* [Instructions for the task]: Verbatim copy without images: repeat the records in full.

[Items from a data source]
=====

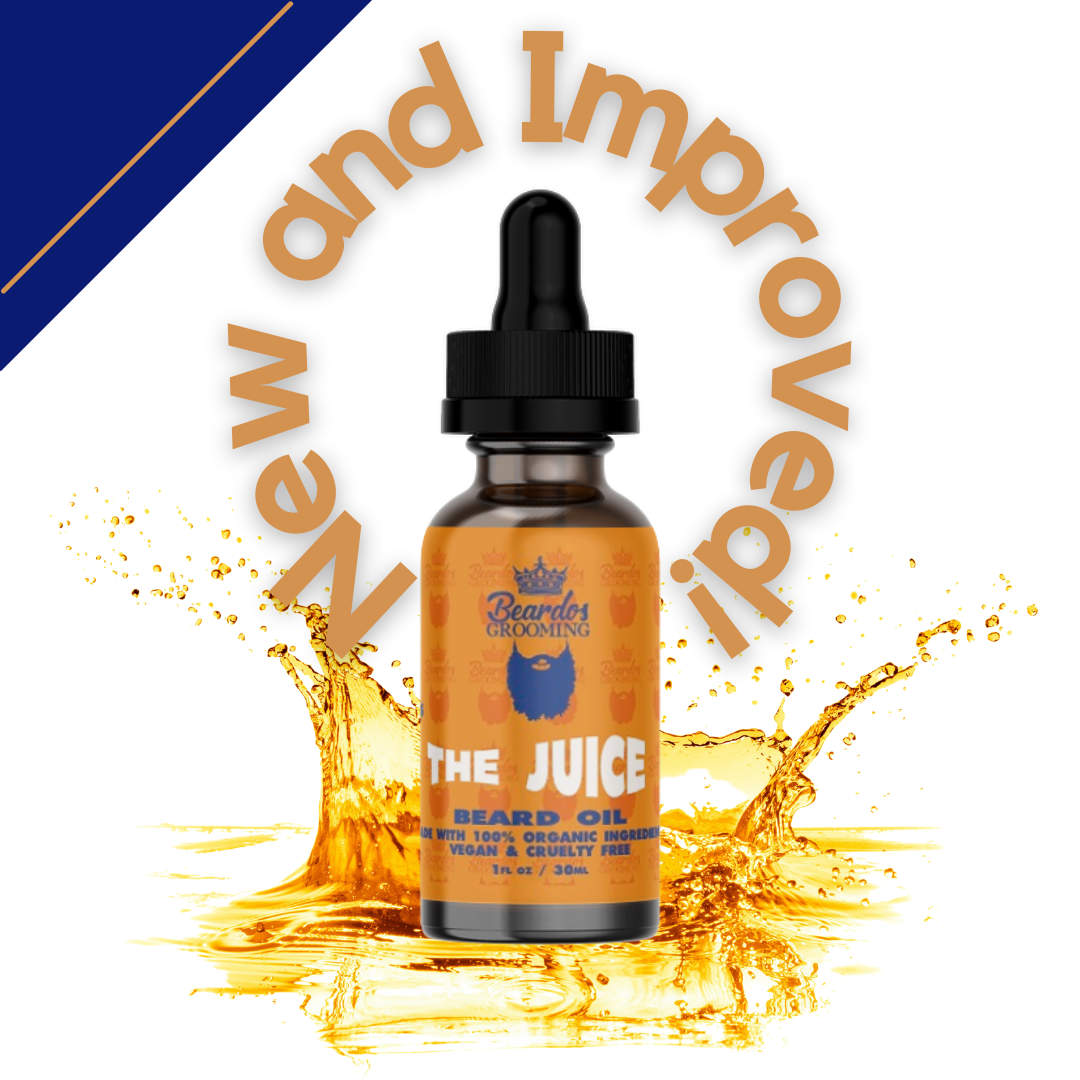 The Juice Beard Oil - New and Improved – Beardos Grooming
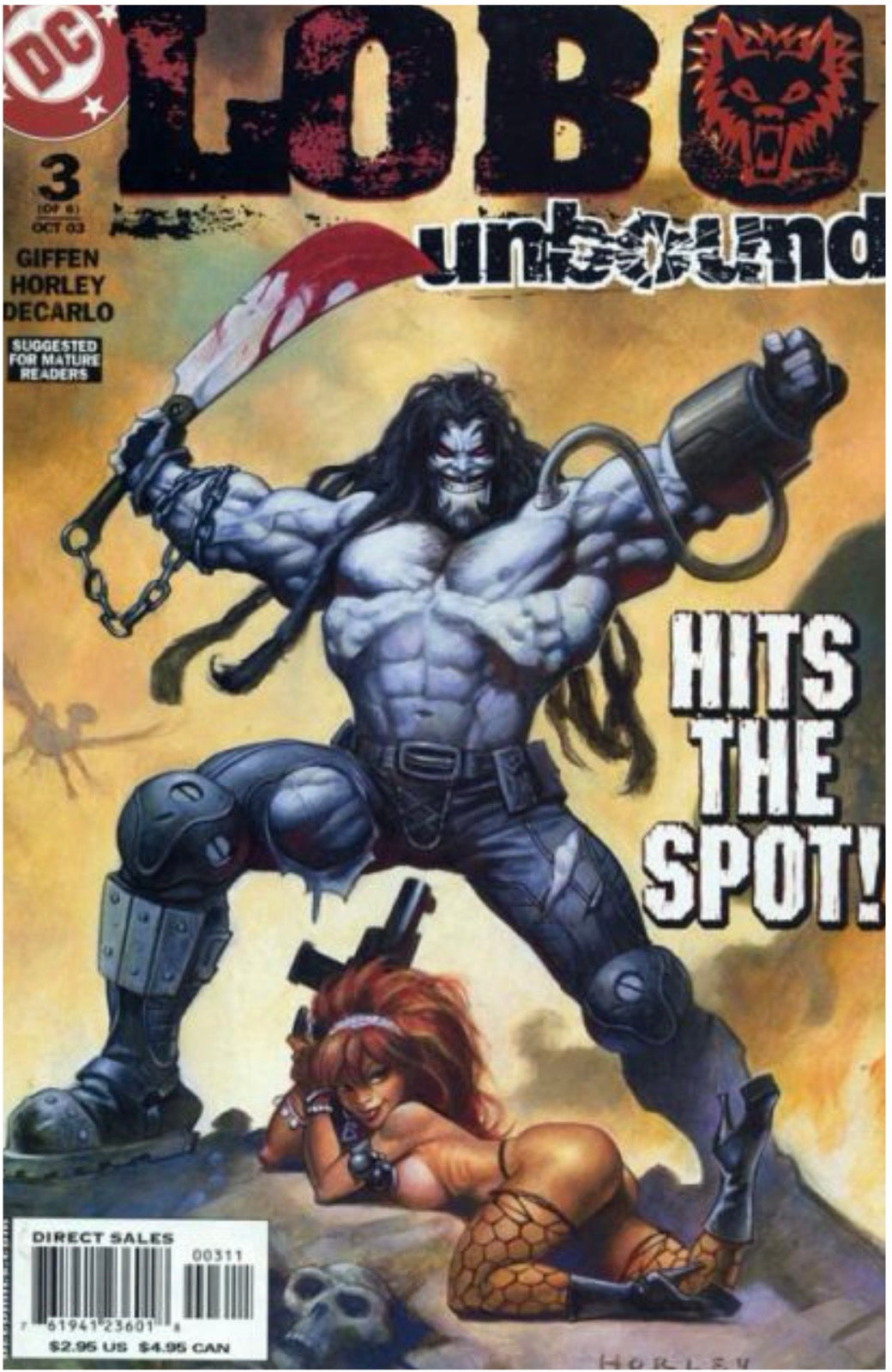 Lobo Unbound #3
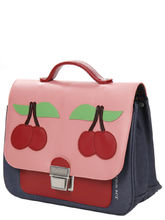 Cartable Jeune Premier It bag Mini Cherry Pink 31 cm Cherry Pink
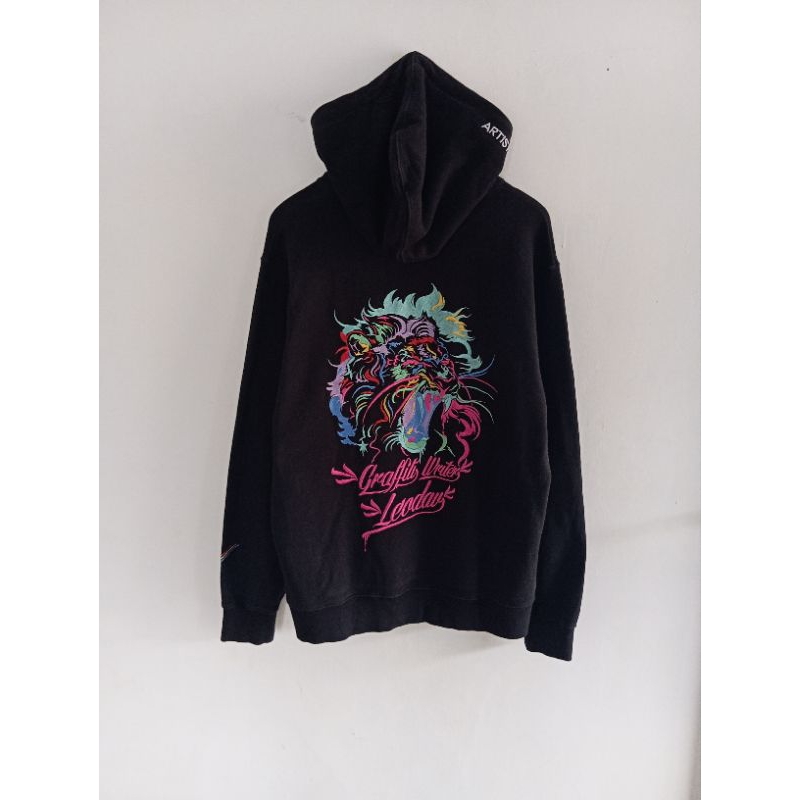 hoodie Artist Wear x Leodav
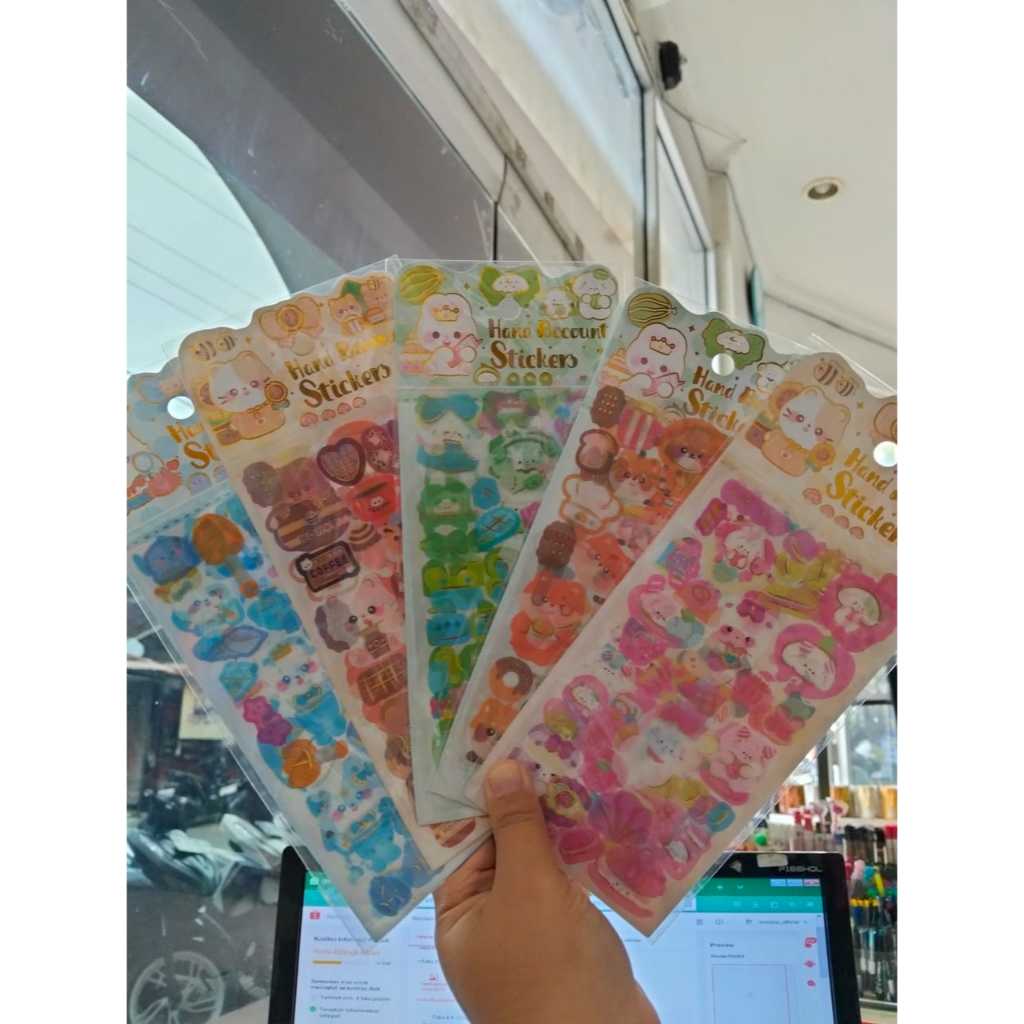

STICKER DECO LB005 / STIKER LUCU STIKER HIAS STIKER DECO SWEETHEART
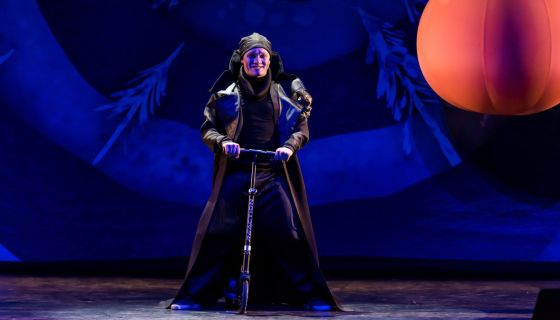 Мюзикл «Новогодние приключения Маши и Вити»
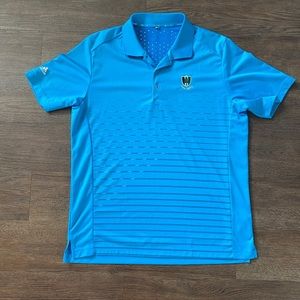 LIKE NEW Adidas Pine Valley Golf Polo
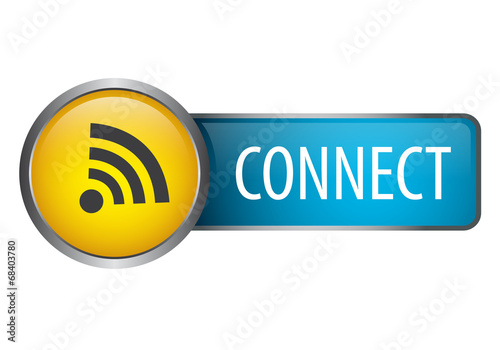 Buttonlabel_blau_gelb_connect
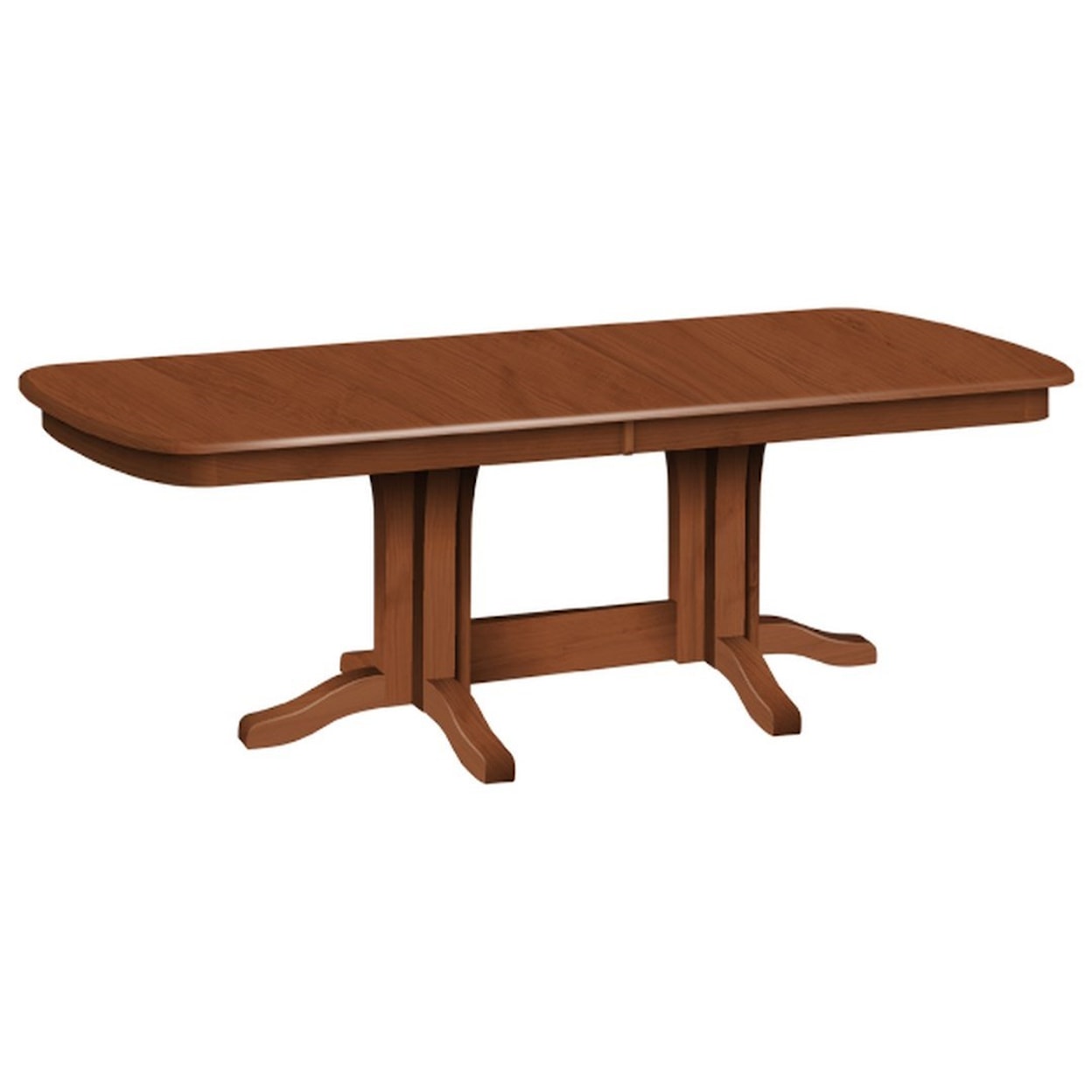 Daniel's Amish Millsdale Customizable Solid Wood Millsdale Table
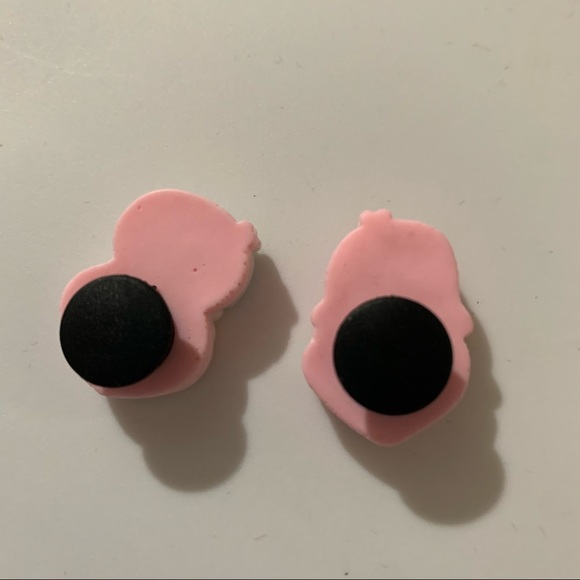 Little Twin Stars Kiki & Lala Set of 2 Shaker Croc Charms - Picture 2 of 5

=====

* [Final answer]:
 The Juice Beard Oil - New and Improved – Beardos Grooming
 Lobo Unbound #3
 Cartable Jeune Premier It bag Mini Cherry Pink 31 cm Cherry Pink
 hoodie Artist Wear x Leodav

STICKER DECO LB005 / STIKER LUCU STIKER HIAS STIKER DECO SWEETHEART
 Мюзикл «Новогодние приключения Маши и Вити»
 LIKE NEW Adidas Pine Valley Golf Polo
 Buttonlabel_blau_gelb_connect
 Daniel's Amish Millsdale Customizable Solid Wood Millsdale Table
 Little Twin Stars Kiki & Lala Set of 2 Shaker Croc Charms - Picture 2 of 5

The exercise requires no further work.